By the way, the reprogramming process in the ECU is performed only by dealers that have been authorized in advance and it is desired to perform the reprogramming process only within authorized areas and not admitted car repairing shops in order to eliminate the occurrence of unauthorized repairing. Because the electric control unit controls the engine, the motor, and other parts in the hybrid vehicle, it seems undesirable to perform the reprogramming process by such unauthorized dealers or in not admitted car repairing shops.

In accordance with another aspect of the present invention, the reprogramming system further has a vehicle position detection means, an allowable judgment means, and a first inhibition means. The vehicle position detection means is configured to detect a current position of the hybrid vehicle. The allowable judgment means is configured to judge whether or not the current position of the hybrid vehicle is within a specified area where the execution of the reprogramming process is permitted. The first inhibition means is configured to inhibit the execution of the reprogramming process when the detection result of the allowable judgment means indicates that the current position of the hybrid vehicle is outside the specified area.

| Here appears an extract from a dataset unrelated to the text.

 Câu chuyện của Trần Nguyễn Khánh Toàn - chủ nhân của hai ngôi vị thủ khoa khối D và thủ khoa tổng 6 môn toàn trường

That is, the execution of the reprogramming system is inhibited in the area other than the allowable areas that have been authorized for performing the reprogramming process in the reprogramming system as another aspect of the present invention. It is thereby possible to avoid unauthorized execution of the reprogramming process and to keep the safety of the hybrid vehicle.

In accordance with another aspect of the present invention, the reprogramming system further has a key judgment means. The key judgment means is configured to judge whether or not an ignition key of the hybrid vehicle is an authorized key. It is further preferred to add a second inhibition means to the reprogramming system of the above configuration. The second inhibition means is configured to inhibit the execution of the reprogramming process when the detection result of the key judgment means indicates that the ignition key is not the authorized key. According to the above reprogramming system, it is possible to prevent the execution of the reprogramming process without the permission of the owner of the hybrid vehicle and to keep the safety of the hybrid vehicle.

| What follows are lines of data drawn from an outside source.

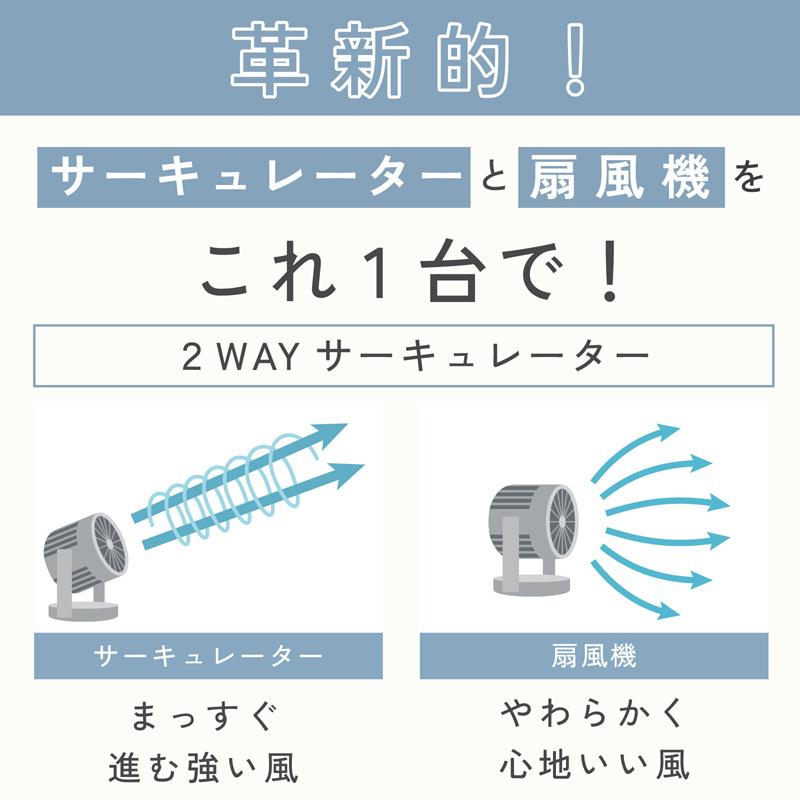 ZOJIRUSHI 象印 サーキュレーター DCモーター 15cm3枚羽根7枚ルーバー 2WAY(サーキュレーター+扇風機)RC-AA30 WA ホワイトの画像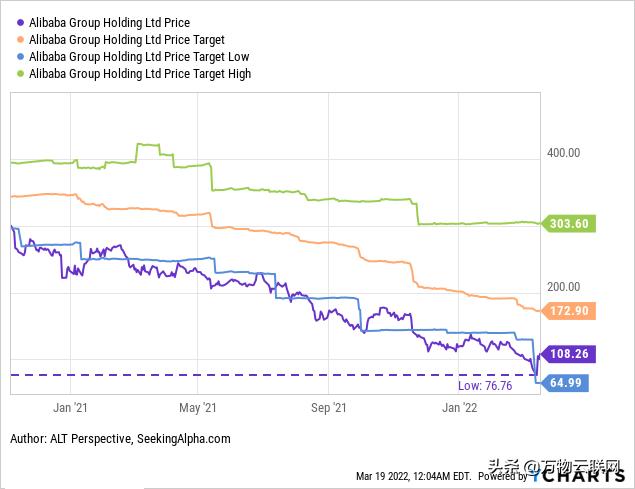 阿里巴巴股票值得投资吗,阿里巴巴投资哪些股票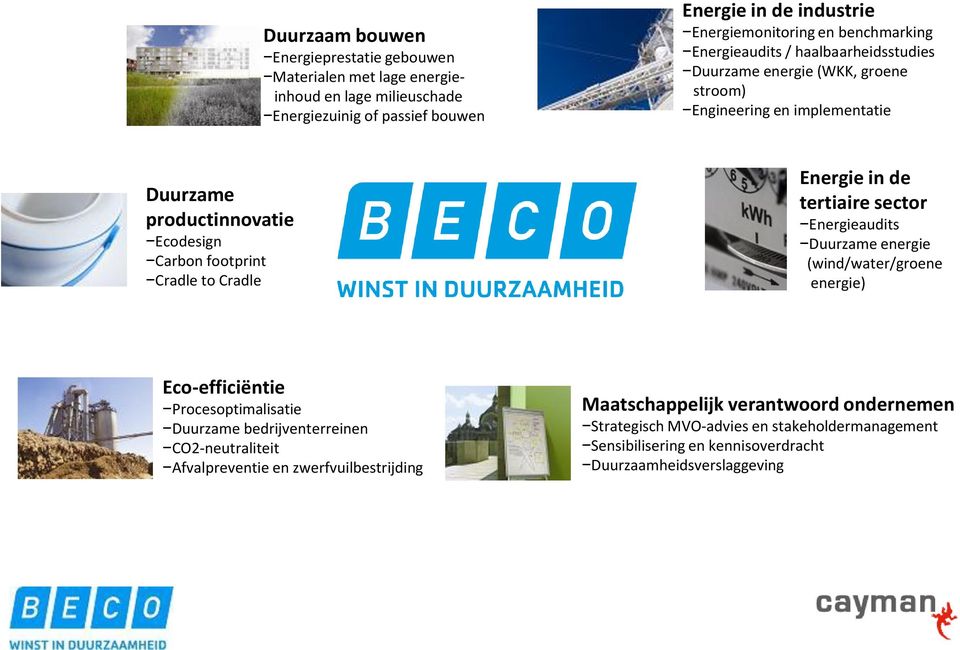 Cradle Energie in de tertiaire sector Energieaudits Duurzame energie (wind/water/groene energie) Eco-efficiëntie Procesoptimalisatie Duurzame bedrijventerreinen CO2-neutraliteit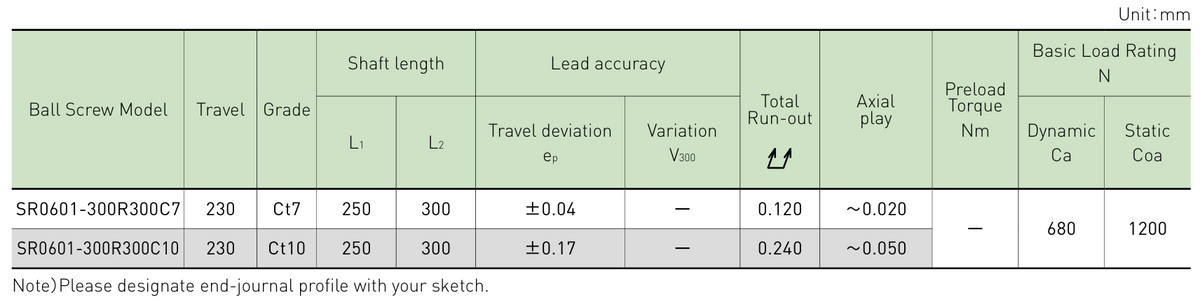 Performance data table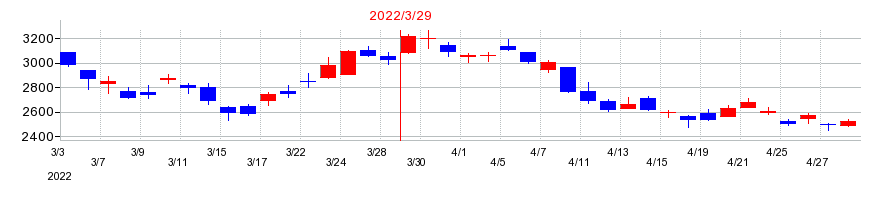 2022年のデサントの配当落ち日前後の株価チャート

In accordance with another aspect of the present invention, there is provided an electric control unit capable of electrically connecting a main battery of a high voltage to an auxiliary battery through electric connection means which are mounted on a hybrid vehicle. In the hybrid vehicle, the main battery is capable of supplying the electric power of the high voltage to an electric motor for driving the hybrid vehicle, and the auxiliary battery is capable of supplying an electric power, which is in voltage lower than the main battery, to electric devices mounted on the hybrid vehicle. The electric control unit is capable of performing a reprogramming process of replacing a program stored in a memory with a new program transferred from a program supply device that is outside the hybrid vehicle when a specified condition is established. The electric control unit has an auxiliary battery voltage judgment means and a start instruction output means. The auxiliary battery voltage judgment means is configured to detect the voltage of the auxiliary battery, and to judge whether or not the voltage of the auxiliary battery is not more than a reprogramming executable voltage necessary to performing the reprogramming process. The start instruction output means is configured to output a start instruction to the electric connection means in order to initiate the electrical connection between the main battery and the auxiliary battery when the judgment result by the auxiliary battery voltage judgment means indicates that the voltage of the auxiliary battery is lower than the reprogramming executable voltage. It is thereby possible to perform the electric power charging from the main battery to the auxiliary battery. When the ECU having such a configuration is applied to a hybrid vehicle, it is possible to perform the reprogramming process certainly like the reprogramming system described above.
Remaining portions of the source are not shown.